If there is one thing that can be said about Zachary Ralph Borman, it is that he despises writing third person biographies of himself; especially the kind that is meant to appear as though it was not written by himself about himself. This deeply ingrained psychological issue probably harkens back to some relatively minor childhood trauma that he either mostly imagined or completely invented out of the sheer boredom that is the direct result of his mind-numbingly average childhood.
A native of Boise, Idaho, and the second of four children born to Joe and Leanne Borman, (a relatively normal secular working class American couple), Zachary always knew he was destined for greatness. Somehow he always knew he would be living the American dream of working in a restaurant to pay off the UNGODLY large student loan debt incurred getting his identically unemployable degrees in Film and Literature (note to any prospective parents here: make your kids major in Computer Science).
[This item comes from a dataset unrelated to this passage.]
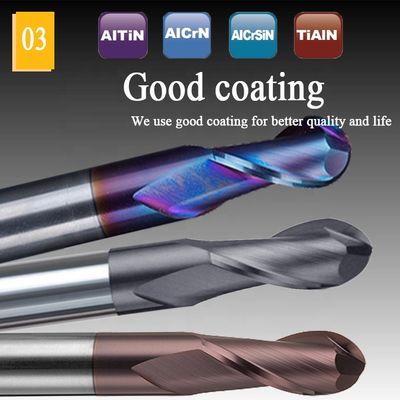 Tungsten Çelik Karbür Alüminyum Parmak Freze 200mm 6 Hrc 55 Yuvarlak R3 4 Flüt Hrc 45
Although he is aware of the highly enviable position he holds in the grand scheme of things, he does still take the time to enjoy the small things in life, such as women’s ski-shooting, and his bi-annual prostate exams.
Some time ago, Zachary got it in his mind that he not only understood most films he has ever come across (which, believe me, is FAR more than any man who expects to have an active sex life should have spent viewing), but that he should actually be interpreting and disseminating his opinions about these film for the benefit of others (we have yet to hear back from these so called “others,” although their voicemail says they will be back from Hawaii in a week, and we suspect that they will have good things to say). Some have argued that this revelation relates back to his childhood delusions of grandeur, while others have said it was just him continuing on with his awkward phase that began in the 8th grade. Whatever the case may be, he has decided to offer you direct access to the River Wild stream of consciousness (had to be at least one Kevin Bacon reference in this article) that is his thought process.